The best night-sky views in Canada

Jasper night sky

On clear nights, it may seem like you can see a million stars in the Milky Way, but even in cottage country, artificial light can limit how much we can see. Serious stargazers should try heading to one of Canada’s official Dark Sky Preserves. Since 1999, The Royal Astronomical Society of Canada (RASC) has designated 17 Canadian parks and observatories as such. To qualify, parks must meet and uphold strict standards that limit or eliminate light pollution, providing some of the country’s best constellation views and, more importantly, protection for migrating birds and nocturnal species. Here are some of the best stargazing sites across Canada.

Grasslands National Park

Grasslands night sky
Photo courtesy of earthrangers.com

Grasslands is Canada’s only national prairie park and has been dubbed “the darkest Dark Sky Preserve in Canada.” This stretch of Saskatchewan prairie is home to 70 types of grass, tons of dinosaur fossils, and some of the nation’s top stargazing areas, with designated sites in both the east and west blocks. This region’s dark skies help the nocturnal and highly endangered black-footed ferrets to thrive (they were reintroduced to the park in 2009).

Jasper National Park

Jasper night sky
Photo by Jeff Bartlet

Alberta’s Jasper National Park is well known for its breathtaking Rocky Mountains, waterfalls, and sparkling glacier-fed lakes but it’s also the second-largest Dark Sky Preserve on the planet. Drop by the visitor’s centre for a peek through the on-site telescope and try to spot planets within star-speckled skies or dancing northern lights. Or, head to the annual Dark Sky Festival held every October. This year’s celebration features Canadian astronaut Col. Chris Hadfield.
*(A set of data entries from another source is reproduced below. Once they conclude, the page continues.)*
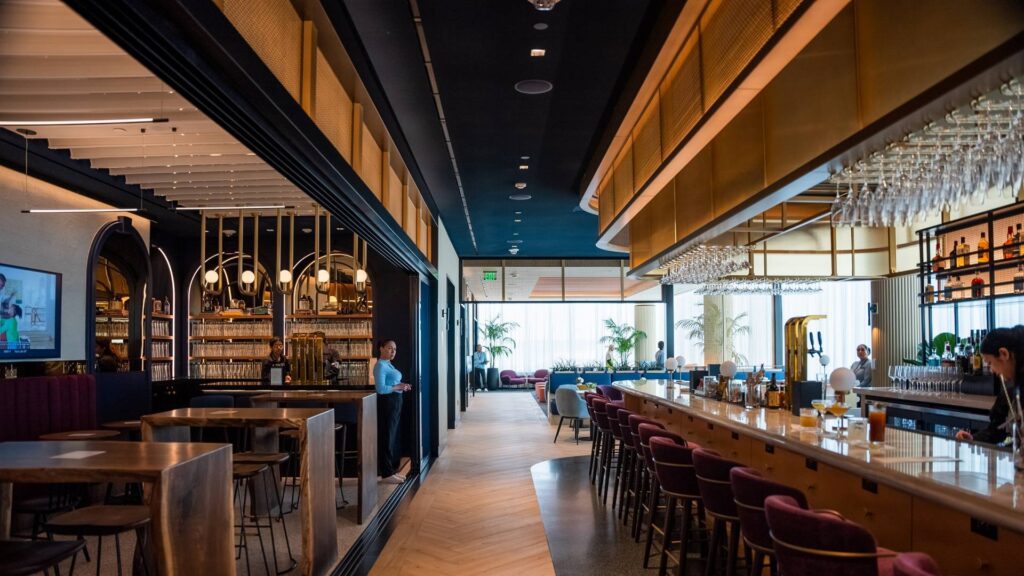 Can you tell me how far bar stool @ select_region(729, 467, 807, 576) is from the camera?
3332mm

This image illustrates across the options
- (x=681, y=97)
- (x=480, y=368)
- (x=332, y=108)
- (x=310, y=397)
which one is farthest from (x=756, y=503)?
(x=480, y=368)

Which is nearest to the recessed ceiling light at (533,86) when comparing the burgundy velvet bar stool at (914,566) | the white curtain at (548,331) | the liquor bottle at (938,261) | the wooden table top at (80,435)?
the burgundy velvet bar stool at (914,566)

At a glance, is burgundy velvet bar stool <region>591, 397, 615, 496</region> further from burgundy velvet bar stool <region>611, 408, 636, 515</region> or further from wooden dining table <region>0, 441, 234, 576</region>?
wooden dining table <region>0, 441, 234, 576</region>

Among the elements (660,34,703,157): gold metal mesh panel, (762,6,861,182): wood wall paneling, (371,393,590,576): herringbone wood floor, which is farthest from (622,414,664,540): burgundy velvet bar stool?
(762,6,861,182): wood wall paneling

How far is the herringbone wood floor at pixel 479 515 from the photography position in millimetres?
5555

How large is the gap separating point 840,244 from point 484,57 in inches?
294

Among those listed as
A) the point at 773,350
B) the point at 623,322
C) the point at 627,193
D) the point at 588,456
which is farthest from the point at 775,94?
the point at 623,322

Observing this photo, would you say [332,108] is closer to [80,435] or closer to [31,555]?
[31,555]

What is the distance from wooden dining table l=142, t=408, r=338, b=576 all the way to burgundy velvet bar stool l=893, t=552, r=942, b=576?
3.57 meters

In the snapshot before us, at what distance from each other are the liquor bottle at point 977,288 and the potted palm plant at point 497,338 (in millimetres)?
17291

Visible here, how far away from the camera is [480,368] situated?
24.0m

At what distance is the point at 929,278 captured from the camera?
9609mm

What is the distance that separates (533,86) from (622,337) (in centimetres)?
1919


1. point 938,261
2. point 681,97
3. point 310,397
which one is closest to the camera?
point 681,97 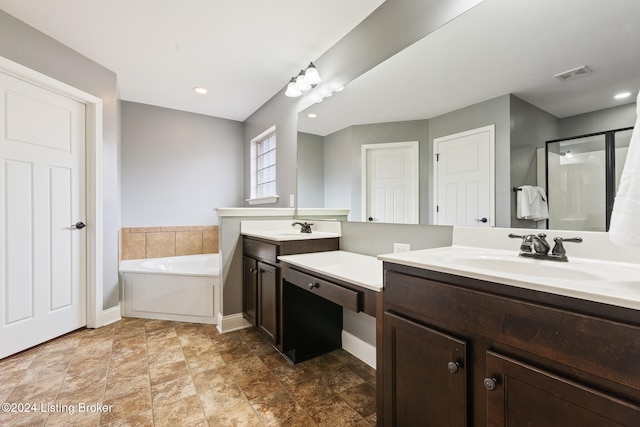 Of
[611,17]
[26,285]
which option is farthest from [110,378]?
[611,17]

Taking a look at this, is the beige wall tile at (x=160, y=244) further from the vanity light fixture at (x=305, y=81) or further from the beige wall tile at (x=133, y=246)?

Kouchibouguac National Park

You’ll find no shortage of starry nights at the Maritime park along New Brunswick’s Eastern Shores, which earned it a Dark Sky Preserve designation in 2009. The park’s name has Mi’kmaq roots and means “river of the long tides,” fitting for the region full of sand dunes, lagoons and marshes.

Mont Mégantic National Park Dark Sky Preserve

Mont Megantic night sky
Photo courtes of ASTROLab du pard national du Mont-Megantic

Quebec’s Mont-Mégantic Observatory and surrounding parkland is Canada’s only designated International Dark Sky Reserve. Tackle 30 kilometres of multipurpose and hiking trails with designated stargazing stops along the way, or head to the ASTROLab astronomy activity centre for evening tours of the observatory.

Point Pelee National Park

Point Pelee was designated a Dark Sky Preserve in 2006 and hosts regular stargazing events through the summer, including planetarium shows and special RASC public events where the park remains open until midnight. The Lake Erie site is perched at Canada’s southernmost tip and is an important stop for millions of migrating birds, many of which find their way via the stars.

Bruce Peninsula National Park & Fathom Five National Marine Park

Bruce Peninsula night sky
Photo courtesy of wildernessastronomy.com

Northern Bruce Peninsula earned its Dark Sky designation for having the darkest skies in southern Ontario and maintaining them helps the millions of migrating birds that pass through the Niagara Escarpment each year. The rocky islands, limestone cliffs and caves along Georgian Bay are home to an ancient ecosystem and there are plenty of camping sites with great views of the constellations.

Kejimkujik Dark Sky Preserve
This Nova Scotia national park and historic site was given its official designation in 2010. The Atlantic park offers plenty of woodland trails, sandy beaches, portaging routes and prime stargazing sites, especially at Sky Circle in Jeremy’s Bay Campground along Kejimkujik Lake. Dark Sky events are held throughout summer months, including educational programs around astronomy and its relation to Mi’kmaq culture.

McDonald “Dark Sky” Park Preserve

McDonald Park night sky
Photo courtesy of Bryce/Flickr.com

This dark park, sandwiched between Abbotsford and Chilliwack, B.C., gets its super starry skies thanks to Sumas Mountain, which blocks artificial light from the two towns. McDonald Park is open to the public during the day but when the stars come out, it’s taken over by the Fraser Valley Astronomer’s Society (and open to the public for special nighttime events hosted by its members).

North Frontenac Dark Sky Preserve

This town has the darkest skies in Southern Ontario and is the first municipality in Canada to be designated as a Dark Sky Preserve. Beyond being a major tourist attraction—the town has built a stargazing pad for locals and visitors to enjoy—the pristine skies also help support the region’s varied wildlife. Unfortunately, a new industrial wind farm is slated to be built in the middle of the preserve, which means it may not be around for much longer.